Cultural development through the Arts


The Gabori Sisters Gathering by the Sea exhibition at GOMA Children’s Art Centre. Source: Gallery of Modern Art

Arts and crafts have long since been proven to play a central role in young children’s learning and creative development.

The Queensland Gallery of Modern Art aims to encourage cultural development in young children by presenting different innovative exhibitions and projects in the gallery’s Children’s Art Centre that involve getting creative with art and craft activities.

Senior Program Officer of the Children’s Art Centre, Laura Mudge said the centre reflects the Gallery’s ongoing commitment to presenting children with engaging and interactive exhibitions so they can experience the many ways artists approach their work.

“Active participation enables children to engage their intellect in direct experience with a diverse range of contemporary ideas and cultures,” Ms Mudge said.

“The Gallery has collaborated with more than 240 artists since establishing a children and family program in 1998 and presents contemporary artist ideas in a means through which children can learn about art and its importance in the lives of people and different cultures.”

The latest exhibition in the Children’s Art Centre, The Gabori Sisters ‘Gathering by the Sea’ showcases the three sister’s original artworks and has interactive and hands on arts, crafts and electronically generated activities for young children to engage in.

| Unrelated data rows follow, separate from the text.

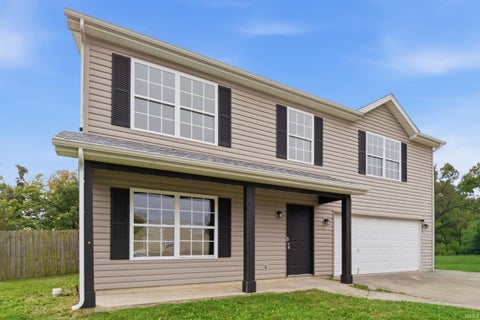 Photo for 3095 Stratus Drive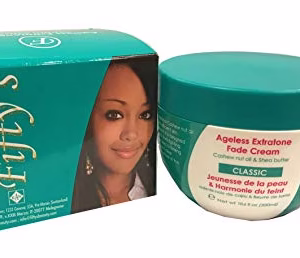 <strong>Fifty's Cream</strong> Fifty's Cream 8 <strong>Fifty's Cream</strong> <strong>Fifty's Cream</strong> 61ekzcyr72l sx466 <strong>Fifty's Cream</strong>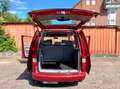 Volkswagen Caddy Caddy EcoFuel 2.0 EcoFuel Familie (7-Si.) Rot - thumbnail 7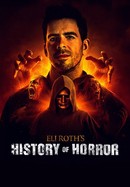 Eli Roth's History of Horror poster image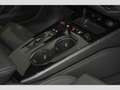 Audi A6 Avant 2.0 150 kW TDI quattro S Line Pano, Grau - thumbnail 9
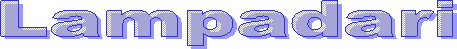 Lampadari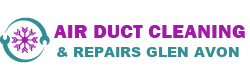 Air Duct Cleaning & Repairs Glen Avon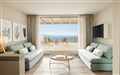 Marbella collection for marbella corfu hotel - MarBella, Mar-Bella Collection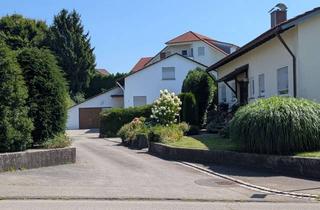 Haus kaufen in Eicheln, 88074 Meckenbeuren, Ihr Traumhaus ?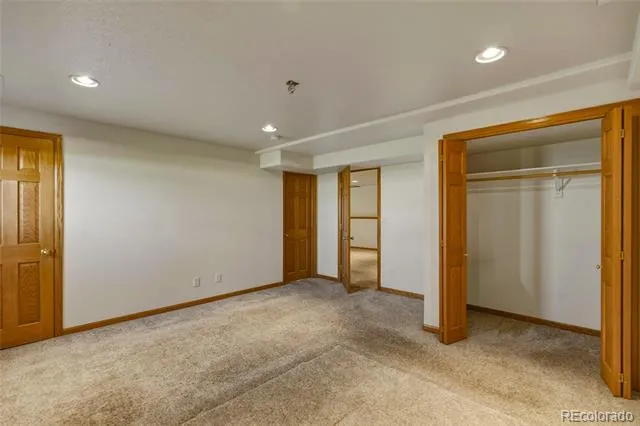 12600 E 114th Avenue Henderson, CO 80640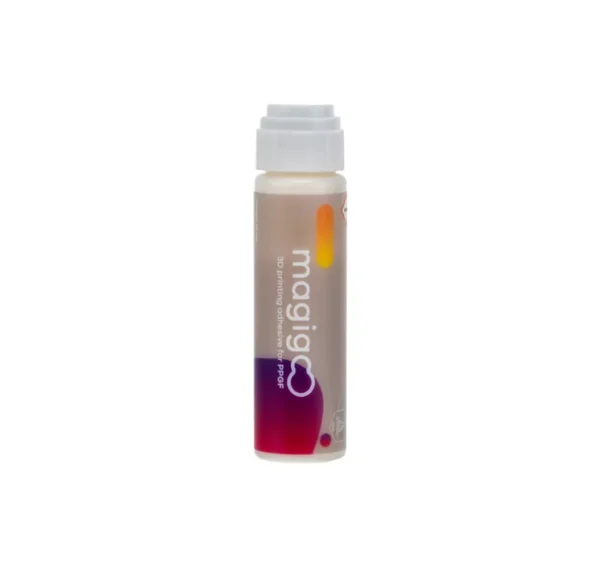 <span style="font-weight: 300;">Magigoo</span><br>Klej do Druku 3D Magigoo Pro PP-GF 50ml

Artist, Elsie Gabori said the exhibition shows the strong connection the Kaiadilt people of Bentinck Island share with the sea.

“We want the children to come in here and enjoy themselves and have a go at experiencing Aboriginal art from our childhood on Bentinck Island,” Ms Gabori said.

“We want the children to feel proud of themselves for learning about the Indigenous culture.”

The Gabori Sisters exhibition is on show in the GOMA Children’s Arts Centre until 12th February 2017.